Overview of Lifetime Probability of Default Models

Regulatory frameworks such as IFRS 9 and CECL require institutions to estimate loss reserves based on a lifetime analysis that is conditional on macroeconomic scenarios. Earlier models were frequently designed to predict one period ahead and often with no explicit sensitivities to macroeconomic scenarios. With the IFRS 9 and CECL regulations, models must predict multiple periods ahead and the models must have an explicit dependency on macroeconomic variables.
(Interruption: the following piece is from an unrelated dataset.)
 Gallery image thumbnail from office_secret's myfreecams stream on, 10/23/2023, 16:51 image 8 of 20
The main output of the lifetime credit analysis is the lifetime expected credit loss (ECL). The lifetime ECL consists of the reserves that banks need to set aside for expected losses throughout the life of a loan. There are different approaches to the estimation of lifetime ECL. Some approaches use relatively simple techniques on loss data, with qualitative adjustments. Other approaches use more advanced time-series techniques or econometric models to forecast losses, with dependencies on macro variables. Another methodology uses probability of default (PD) models, loss given default (LGD) models, and exposure at default (EAD) models, and combines their outputs to estimate the ECL. The lifetime PD models in Risk Management Toolbox™ are in the PD-LGD-EAD category.
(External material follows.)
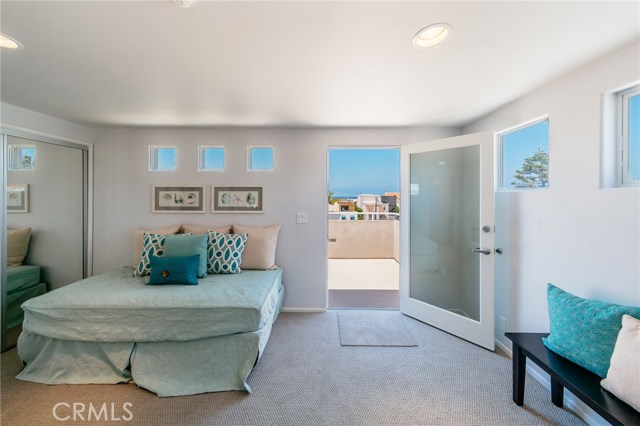 805 Bard Street, Hermosa Beach, California 90254, 2 Bedrooms Bedrooms, ,1 BathroomBathrooms,Residential,Sold,Bard,SB17152128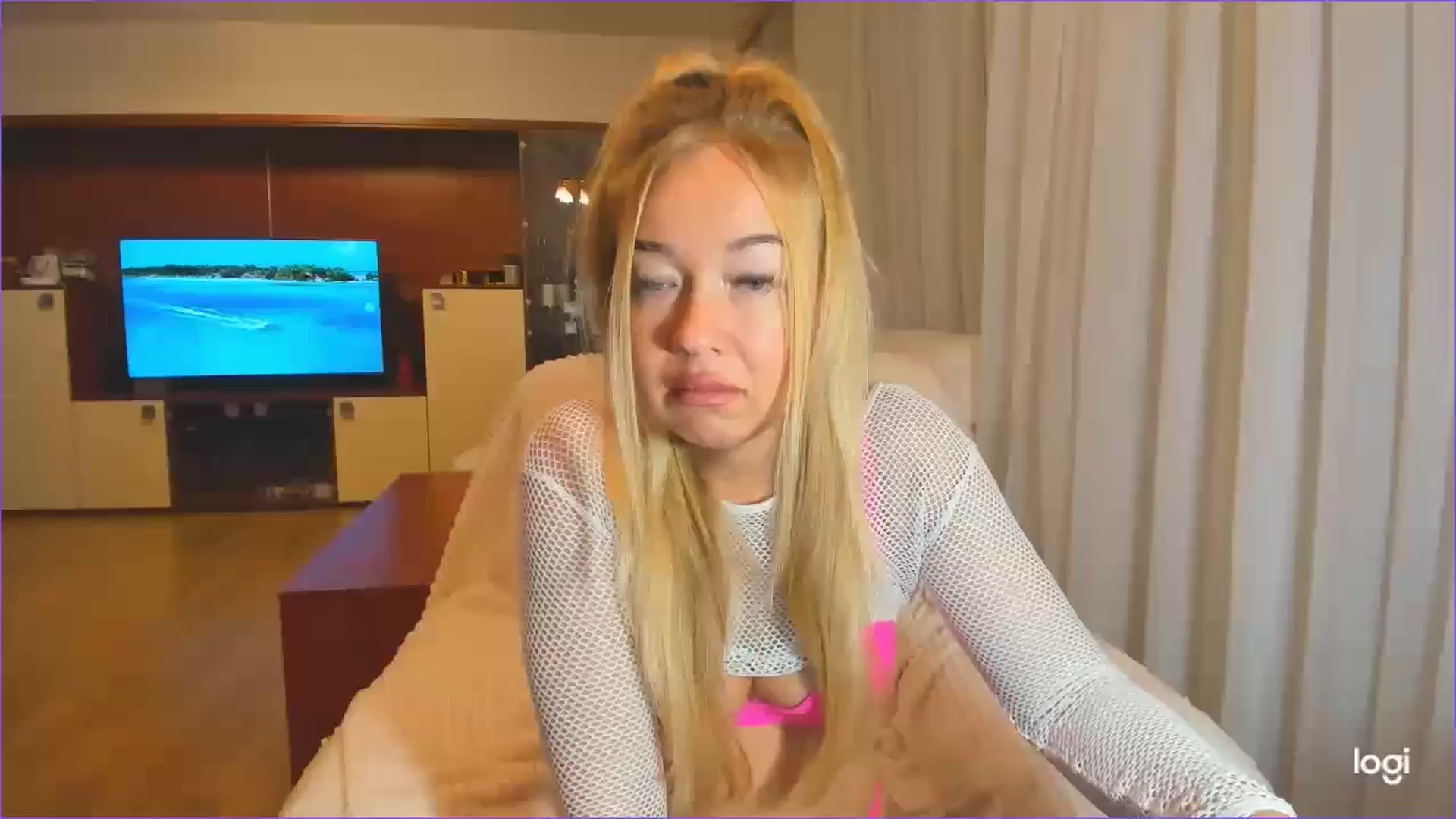 Gallery image thumbnail from FlamingoDream's myfreecams stream on, 06/21/2024, 24:07 image 1 of 20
Traditional PD Models Compared to Lifetime PD Models

Traditional PD models predict the probability of default for the next period (that is, next year, next quarter, and so on). These one-period ahead models include a range of methodologies, such as credit scorecards (creditscorecard), decision trees (fitctree), and transition matrices (transprob). These models include different types of predictors. Some of them are simple, such as customer income, and others are more complex, such as utilization rate, or some other metrics related to the financial activities of the borrower. For these models, the latest observed values of the predictors, possibly with some lagged information, are usually enough to make a prediction, and there is no need to project or forecast the values of the predictors going forward.
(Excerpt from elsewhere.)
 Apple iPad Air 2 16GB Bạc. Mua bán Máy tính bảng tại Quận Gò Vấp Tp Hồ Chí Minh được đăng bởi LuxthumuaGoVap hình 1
In contrast, the lifetime PD models require forward looking values of all predictors to make a prediction of the lifetime PD through the end of the life of the loan. Because the projected values of the predictors are needed, these models can reduce the amount and complexity of predictors and use either predictors with constant values, such as origination score, or predictors that can be projected with little effort, such as loan-to-value ratio. One predictor typically included in these models is the age of the loan. When used for regulatory purposes, macroeconomic predictors must be included in the model, and multiple macroeconomic scenarios are required for the lifetime credit analysis.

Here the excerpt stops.